Polynomial of degree 4 over $\mathbb{F}_2$ has a root in $\mathbb{F}_{16}$

Question

In my textbook it says that it is clear that polynomials of degree 4 over $\mathbb{F}_2$ have always roots in $\mathbb{F}_{16}$. How does this work, since it is not true for example for polynomials of degree $5$ over $\mathbb{F}_2$ in $\mathbb{F}_{32}$? Is there a simple proof?

Answer 1

The finite fields of charachteristic $p$ are related by the fact that $\Bbb F_{p^m}\subseteq \Bbb F_{p^n}\Leftrightarrow m\mid n$. Now, it is certainly the case that any irreducible polynomial of degree $n$ in $\Bbb F_p[T]$ has splitting field $\Bbb F_{p^n}$; however, the splitting field of a polynomial $f$ of degree $n$ may not be $\Bbb F_{p^n}$ when the polynomial is reducible: in fact, it will be $\Bbb F_{p^{\operatorname{lcm}(n_1,\cdots,n_k)}}$, where $n_1,\cdots, n_k$ are the degrees of the irreducible factors of $f$ in $\Bbb F_p[T]$.

Now, the reason why a polynomial of degree $4$ in $\Bbb F_2[T]$ has roots in $\Bbb F_{16}[T]$ is simply the fact that the possible degrees for a factorization of $f$ are:

• $4$;
• $3+1$;
• $2+2$;
• $2+1+1$;
• $1+1+1+1$.

In all cases, one of the irreducible factors will split either in $\Bbb F_{2^4}$, or in $\Bbb F_{2^1}$, or in $\Bbb F_{2^2}$, all of which are subfields of $\Bbb F_{16}$. On the other hand, a polynomial of degree $5$ may split with degrees $3+2$, and this arrangement does not generate subfields of $\Bbb F_{2^5}$.

Added: Along this line of thought, though, it is easy to give the rough estimate that a polynomial of degree $n$ in $\Bbb F_p[T]$ has a root in $\Bbb F_{p^{n\cdot\lfloor n/2\rfloor!}}$.

Answer 2

Hint: Show that a polynomial of degree four always has an irreducible factor of degree that is a factor of four.

Answer 3

Consider how a polynomial of degree $5$ could possibly fail to have roots in $\Bbb F_{32}$: It must be the product of an irreducible square polynomial and an irreducible cubic, thus having roots in $\Bbb F_4$ and $\Bbb F_{8}$, neither of which are subfields of $\Bbb F_{32}$.

It's not too difficult to see that this failure cannot happen for degree $4$ and $\Bbb F_{16}$, as $\Bbb F_4$ is a subfield of $\Bbb F_{16}$.

Answer 4

Recall that $\mathbb{F}_{p^r}$ is contained in $\mathbb{F}_{p^s}$ if and only if $r|s$.

Say $p(x)$ has degree $4$. If it is irreducible, then its splitting field is $\mathbb{F}_{2^4}$, so you are fine.
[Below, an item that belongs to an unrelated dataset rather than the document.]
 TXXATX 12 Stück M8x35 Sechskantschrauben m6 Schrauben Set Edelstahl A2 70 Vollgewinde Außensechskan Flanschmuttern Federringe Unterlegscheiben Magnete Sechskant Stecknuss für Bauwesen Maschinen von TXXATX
If it is reducible, then it either has a linear factor (and that root is certainly in $\mathbb{F}_{2^4}$ well), or is a product of two irreducible quadratics; the irreducible quadratics split over $\mathbb{F}_{2^2}$.

For degree $5$ the argument doesn’t work because if $p(x)$ factors into an irreducible quadratic and an irreducible cubic, the roots are in $\mathbb{F}_{2^2}$ and in $\mathbb{F}_{2^3}$, neither of which is contained in $\mathbb{F}_{2^5}$.